= Task data =
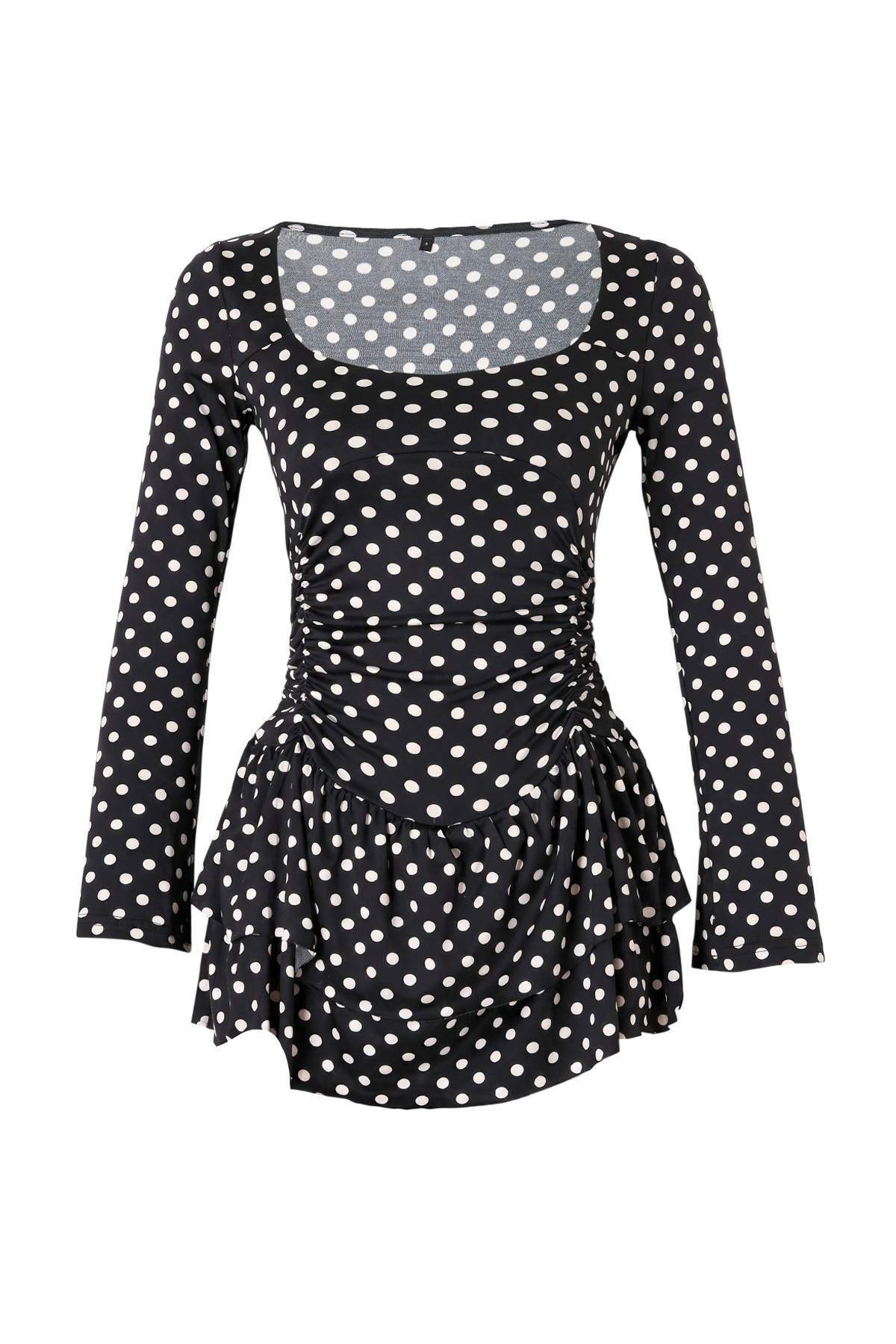 Trendyolmilla Çok Renkli Puantiyeli Skater Havuz Yaka Uzun Kısa/Mini Örme Elbise TWOAW27EL00056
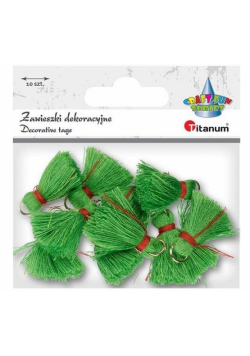 Zawieszki frędzle z muliny zielone 10szt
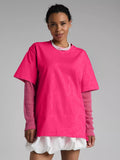 Summer New Bright Silk Mesh Splicing Long-Sleeved T-Shirt Women Loose Sun Protection Top Hot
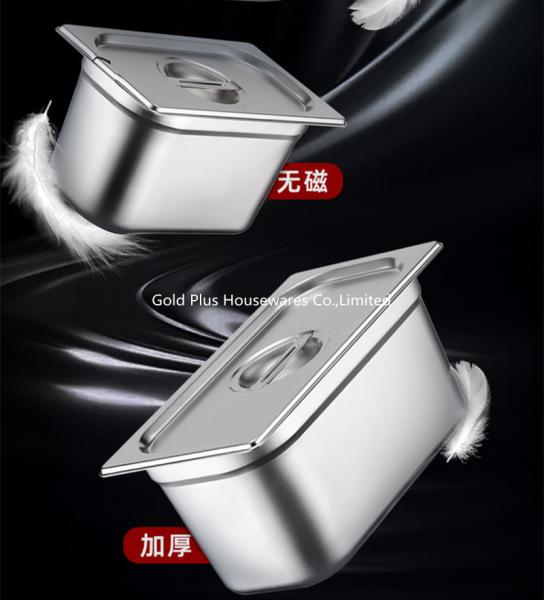 Buffet food container electrolyte surface rectangle food pans set 1/2 deep restaurant stainless steel food warmer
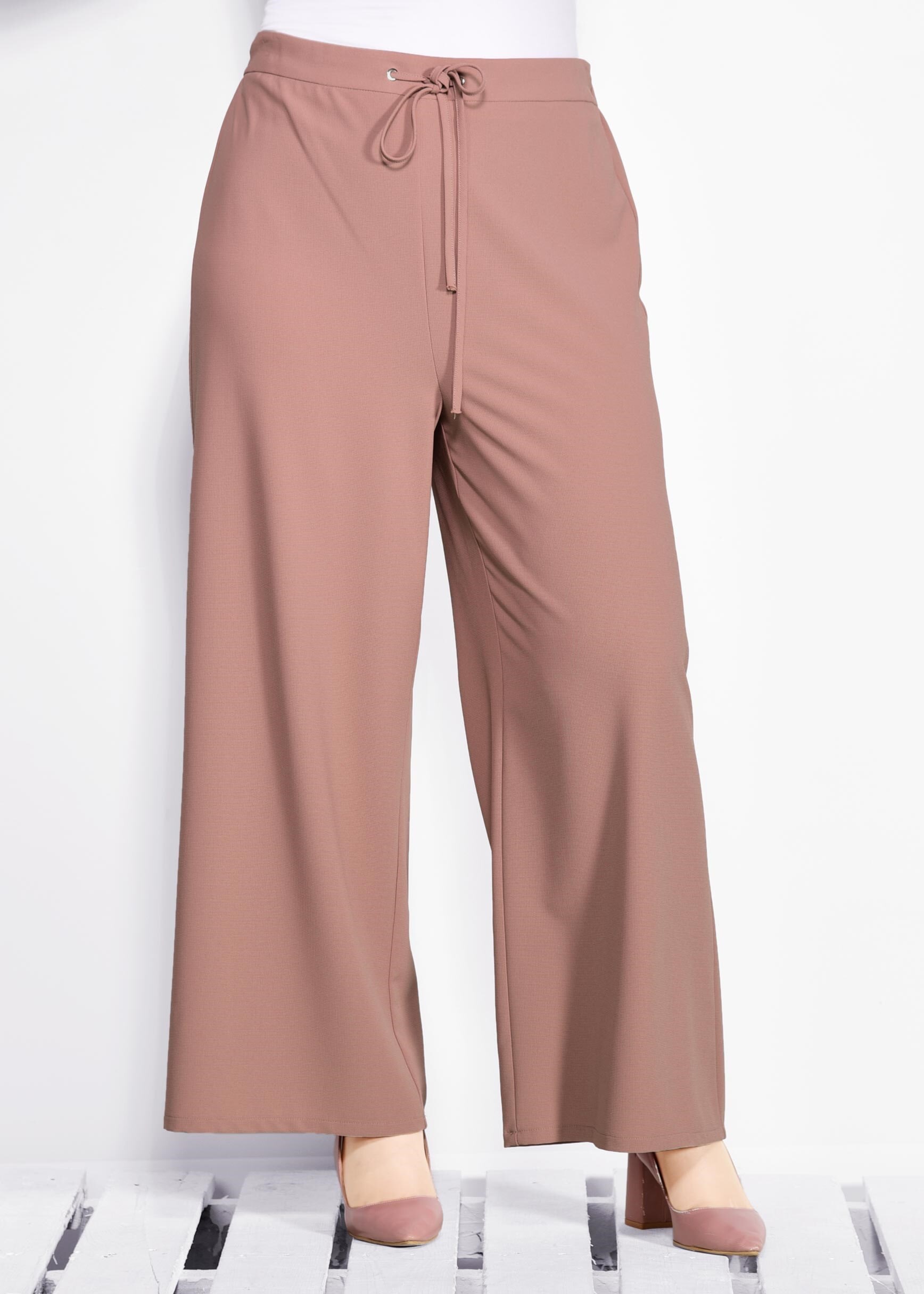 Tesettür giyim PUDRA BELİ LASTİKLİ BAĞCIKLI BOL KESİM PANTOLON 7311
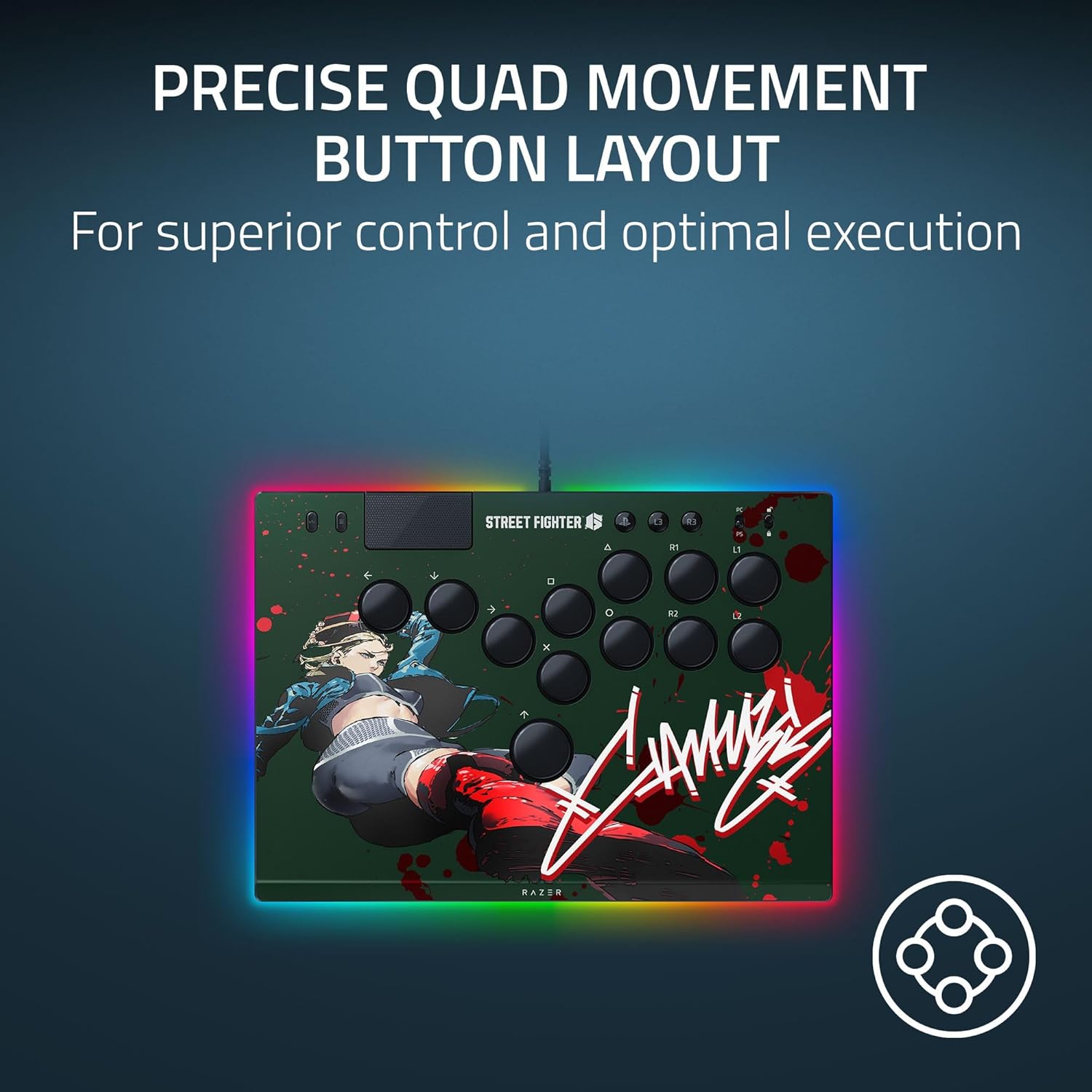 Razer Kitsune All-Button Arcade Controller: For PS5 / PlayStation 5 & PC - Low-Profile Optical Switches - Slim Form Factor - Removable Top Plate - Chroma RGB Lighting - USB Type C - Cammy Edition
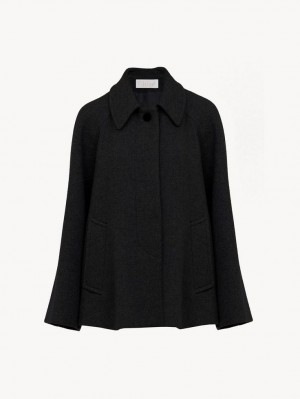 Abrigos Chloe Corta Cape Negros | CHE-SR13808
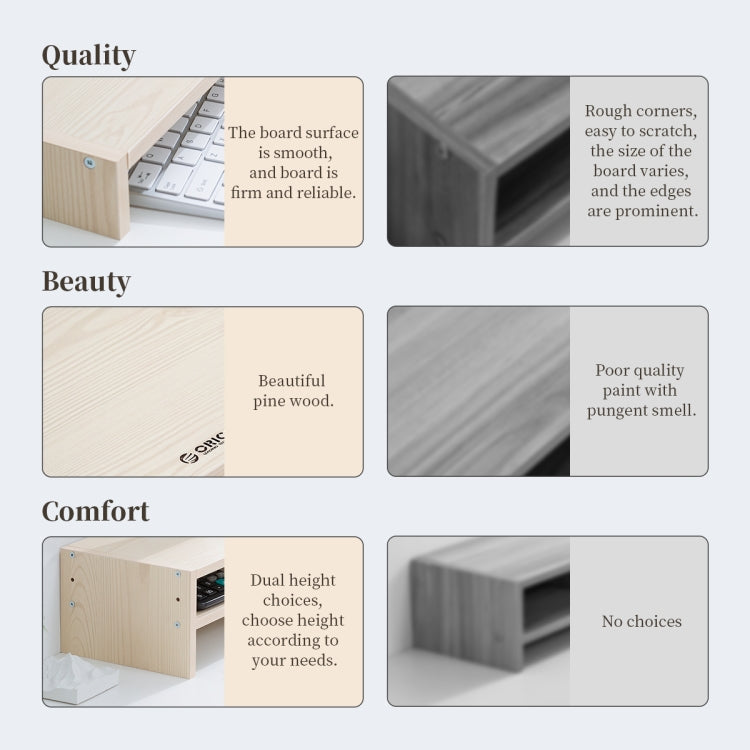 ORICO MSR-01-WD-BP ที่ยึดจอคอมพิวเตอร์ลายไม้ขนาด: 50 x 20 x 6.1 ซม., Size: 50 x 20 x 6.1cm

= Your objective =
The records must be restated word for word, apart from any images.

= Response below =
 Trendyolmilla Çok Renkli Puantiyeli Skater Havuz Yaka Uzun Kısa/Mini Örme Elbise TWOAW27EL00056
 Zawieszki frędzle z muliny zielone 10szt
 Summer New Bright Silk Mesh Splicing Long-Sleeved T-Shirt Women Loose Sun Protection Top Hot
 Buffet food container electrolyte surface rectangle food pans set 1/2 deep restaurant stainless steel food warmer
 Tesettür giyim PUDRA BELİ LASTİKLİ BAĞCIKLI BOL KESİM PANTOLON 7311
 Razer Kitsune All-Button Arcade Controller: For PS5 / PlayStation 5 & PC - Low-Profile Optical Switches - Slim Form Factor - Removable Top Plate - Chroma RGB Lighting - USB Type C - Cammy Edition
 Abrigos Chloe Corta Cape Negros | CHE-SR13808
 ORICO MSR-01-WD-BP ที่ยึดจอคอมพิวเตอร์ลายไม้ขนาด: 50 x 20 x 6.1 ซม., Size: 50 x 20 x 6.1cm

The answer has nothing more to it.